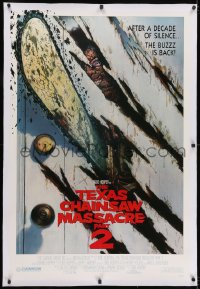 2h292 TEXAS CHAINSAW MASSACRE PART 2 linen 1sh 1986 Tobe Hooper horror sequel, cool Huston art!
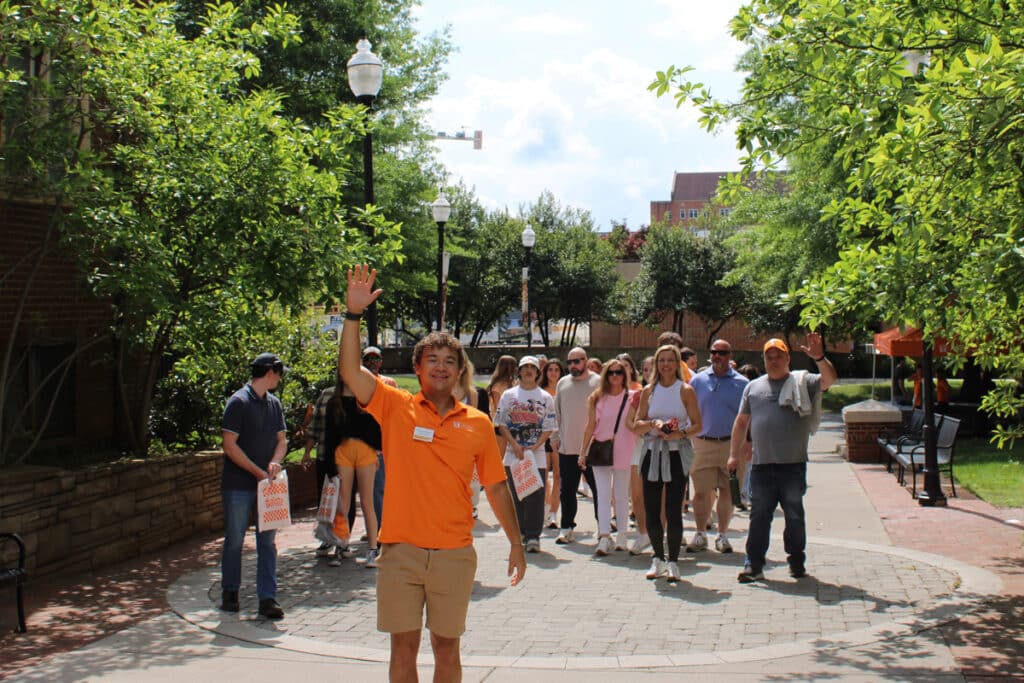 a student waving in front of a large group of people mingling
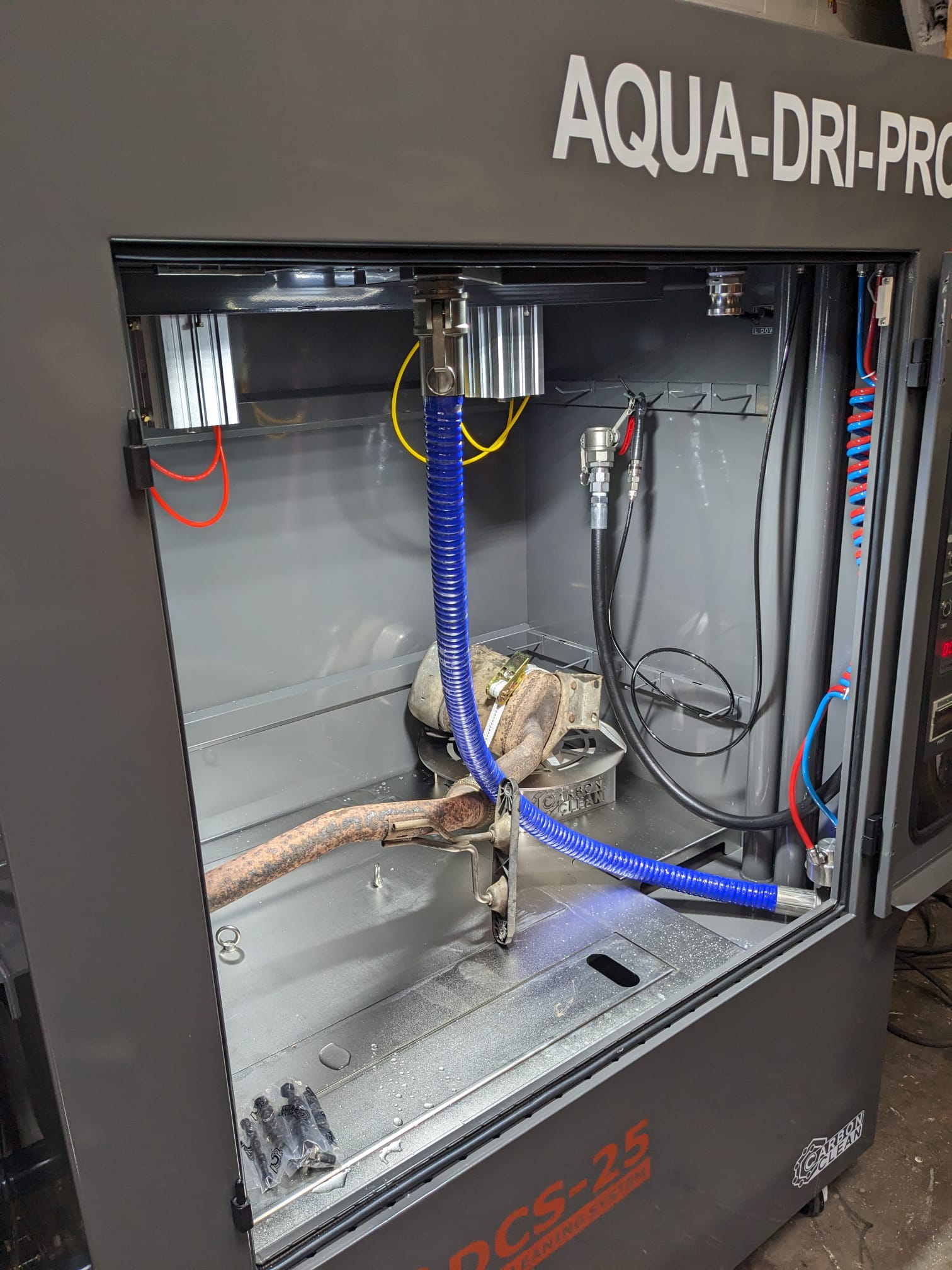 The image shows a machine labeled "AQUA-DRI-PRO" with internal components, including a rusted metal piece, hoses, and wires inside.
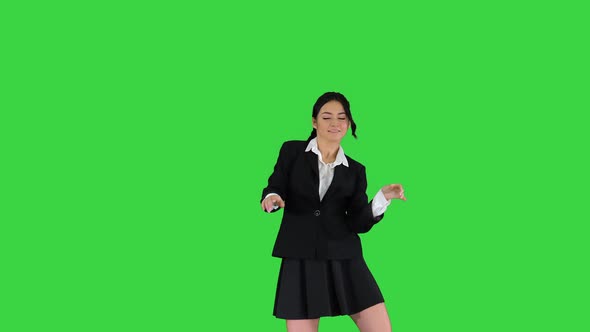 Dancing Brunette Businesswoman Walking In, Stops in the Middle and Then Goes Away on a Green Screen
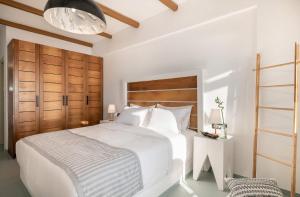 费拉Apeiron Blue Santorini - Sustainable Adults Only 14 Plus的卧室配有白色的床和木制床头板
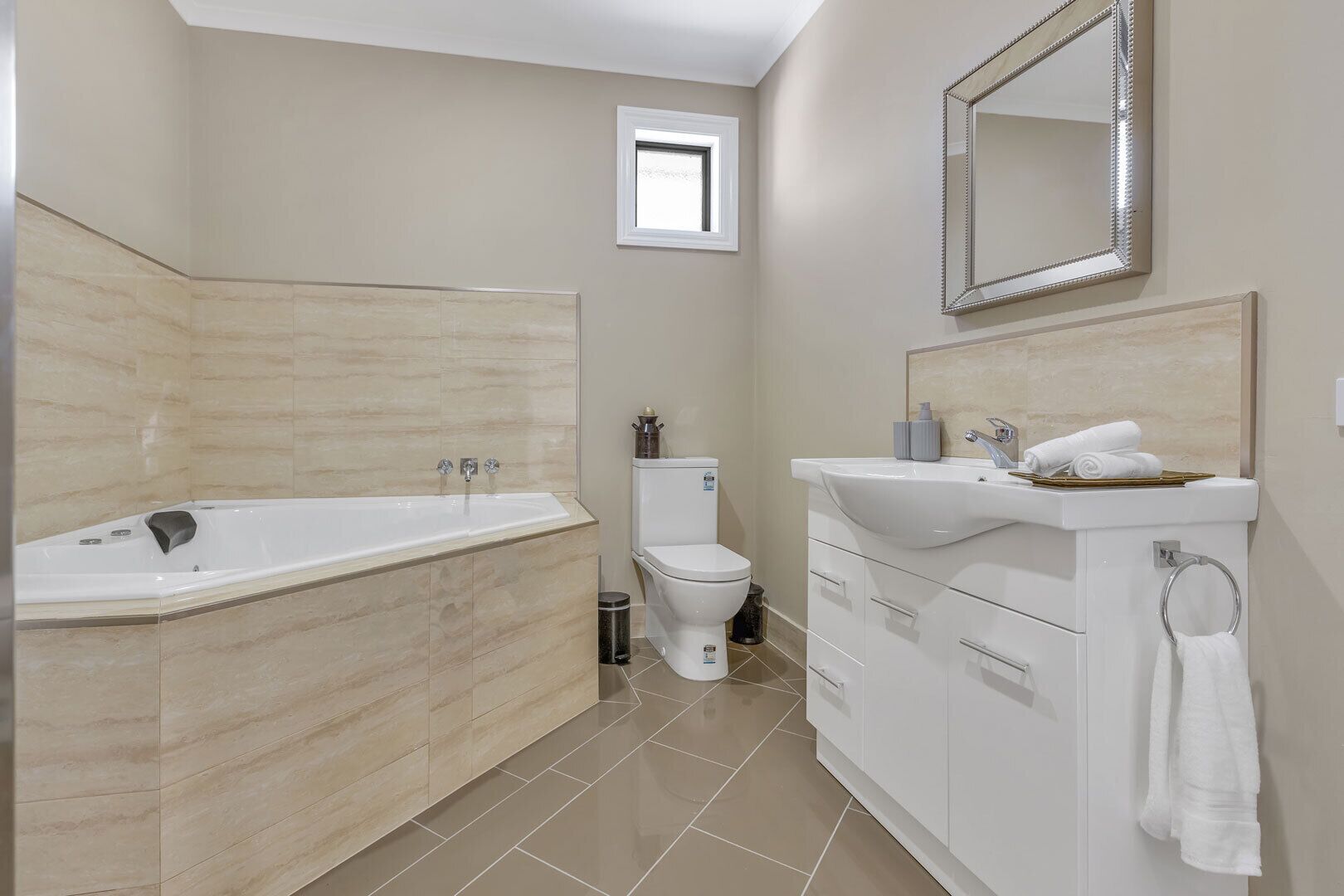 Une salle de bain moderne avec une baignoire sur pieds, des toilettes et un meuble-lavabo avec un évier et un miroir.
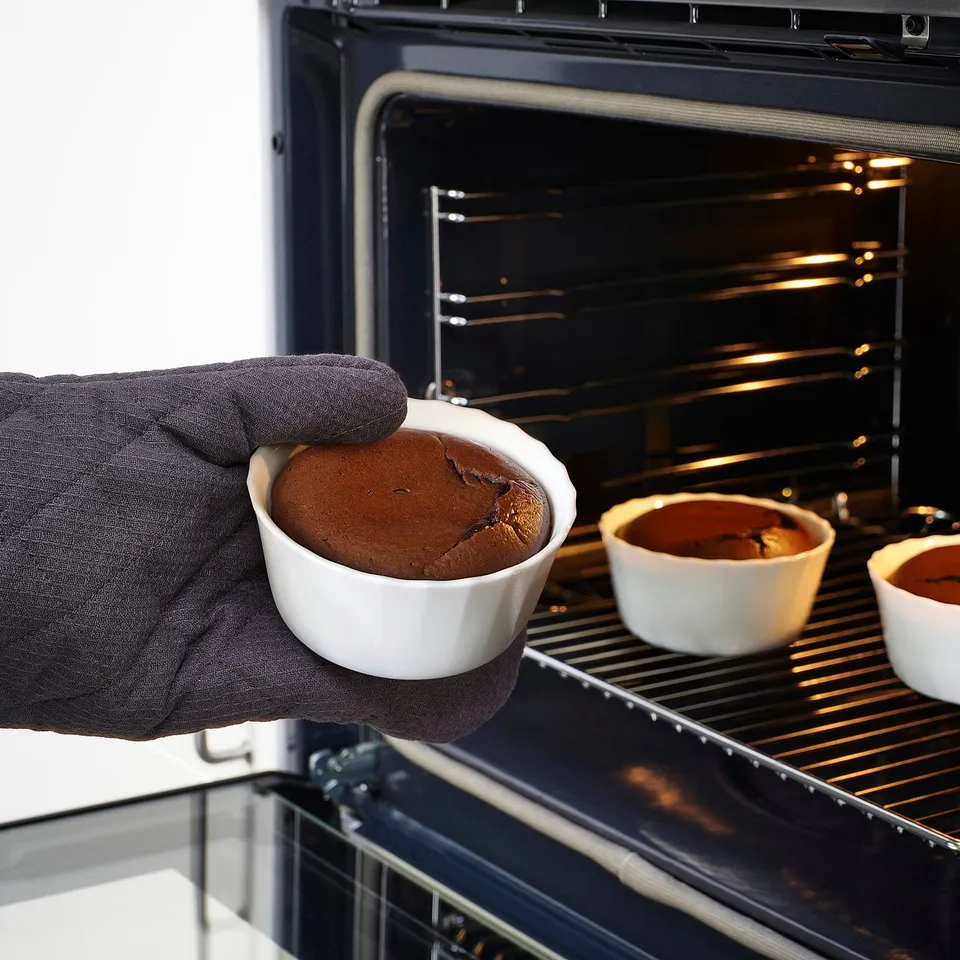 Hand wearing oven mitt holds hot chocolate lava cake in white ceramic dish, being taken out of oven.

——————————

- ABOUT THIS EXERCISE:
Reproduce each entry precisely, dropping only the pictures.

- RESULT BELOW:
 2h292 TEXAS CHAINSAW MASSACRE PART 2 linen 1sh 1986 Tobe Hooper horror sequel, cool Huston art!
 a student waving in front of a large group of people mingling
 The image shows a machine labeled "AQUA-DRI-PRO" with internal components, including a rusted metal piece, hoses, and wires inside.
 Dancing Brunette Businesswoman Walking In, Stops in the Middle and Then Goes Away on a Green Screen
 费拉Apeiron Blue Santorini - Sustainable Adults Only 14 Plus的卧室配有白色的床和木制床头板
 Une salle de bain moderne avec une baignoire sur pieds, des toilettes et un meuble-lavabo avec un évier et un miroir.
 Hand wearing oven mitt holds hot chocolate lava cake in white ceramic dish, being taken out of oven.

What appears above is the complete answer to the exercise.